» Stored items
--------------------------------

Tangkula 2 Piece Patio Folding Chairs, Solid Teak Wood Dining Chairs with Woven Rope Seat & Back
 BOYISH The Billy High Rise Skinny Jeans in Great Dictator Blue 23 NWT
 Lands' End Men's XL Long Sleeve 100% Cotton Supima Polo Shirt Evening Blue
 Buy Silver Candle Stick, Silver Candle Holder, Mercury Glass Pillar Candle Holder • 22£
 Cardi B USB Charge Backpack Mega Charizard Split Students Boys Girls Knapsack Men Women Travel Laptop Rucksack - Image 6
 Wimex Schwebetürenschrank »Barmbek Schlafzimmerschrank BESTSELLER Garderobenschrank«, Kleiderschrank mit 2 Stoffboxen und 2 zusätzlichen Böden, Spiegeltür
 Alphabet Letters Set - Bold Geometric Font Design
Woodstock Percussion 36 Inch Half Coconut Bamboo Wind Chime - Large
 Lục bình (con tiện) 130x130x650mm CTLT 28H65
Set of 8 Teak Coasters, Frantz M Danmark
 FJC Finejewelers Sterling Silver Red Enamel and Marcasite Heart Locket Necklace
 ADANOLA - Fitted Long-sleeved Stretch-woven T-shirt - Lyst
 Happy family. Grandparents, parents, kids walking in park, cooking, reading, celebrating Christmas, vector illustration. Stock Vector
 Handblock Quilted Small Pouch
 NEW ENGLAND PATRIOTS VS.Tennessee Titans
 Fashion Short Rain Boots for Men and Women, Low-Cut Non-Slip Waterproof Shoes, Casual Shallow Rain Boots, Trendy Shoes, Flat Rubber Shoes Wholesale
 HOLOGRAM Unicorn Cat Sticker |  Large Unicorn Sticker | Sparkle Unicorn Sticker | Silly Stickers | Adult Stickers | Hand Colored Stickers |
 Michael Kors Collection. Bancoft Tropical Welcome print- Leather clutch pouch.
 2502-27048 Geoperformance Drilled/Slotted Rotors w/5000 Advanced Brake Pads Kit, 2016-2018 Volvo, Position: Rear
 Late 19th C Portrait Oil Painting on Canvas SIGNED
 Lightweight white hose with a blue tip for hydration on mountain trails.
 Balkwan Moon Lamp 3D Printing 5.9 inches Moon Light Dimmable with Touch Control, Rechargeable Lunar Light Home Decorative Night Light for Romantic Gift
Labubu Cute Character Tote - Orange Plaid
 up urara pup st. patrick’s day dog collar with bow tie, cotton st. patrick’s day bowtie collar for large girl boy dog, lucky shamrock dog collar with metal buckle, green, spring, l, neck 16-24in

--------------------------------

» TASK TO COMPLETE
Up to and including the line that contains "ADANOLA - Fitted", restate word for word every line of the entries, starting from the first.

» TASK ANSWER
Tangkula 2 Piece Patio Folding Chairs, Solid Teak Wood Dining Chairs with Woven Rope Seat & Back
 BOYISH The Billy High Rise Skinny Jeans in Great Dictator Blue 23 NWT
 Lands' End Men's XL Long Sleeve 100% Cotton Supima Polo Shirt Evening Blue
 Buy Silver Candle Stick, Silver Candle Holder, Mercury Glass Pillar Candle Holder • 22£
 Cardi B USB Charge Backpack Mega Charizard Split Students Boys Girls Knapsack Men Women Travel Laptop Rucksack - Image 6
 Wimex Schwebetürenschrank »Barmbek Schlafzimmerschrank BESTSELLER Garderobenschrank«, Kleiderschrank mit 2 Stoffboxen und 2 zusätzlichen Böden, Spiegeltür
 Alphabet Letters Set - Bold Geometric Font Design
Woodstock Percussion 36 Inch Half Coconut Bamboo Wind Chime - Large
 Lục bình (con tiện) 130x130x650mm CTLT 28H65
Set of 8 Teak Coasters, Frantz M Danmark
 FJC Finejewelers Sterling Silver Red Enamel and Marcasite Heart Locket Necklace
 ADANOLA - Fitted Long-sleeved Stretch-woven T-shirt - Lyst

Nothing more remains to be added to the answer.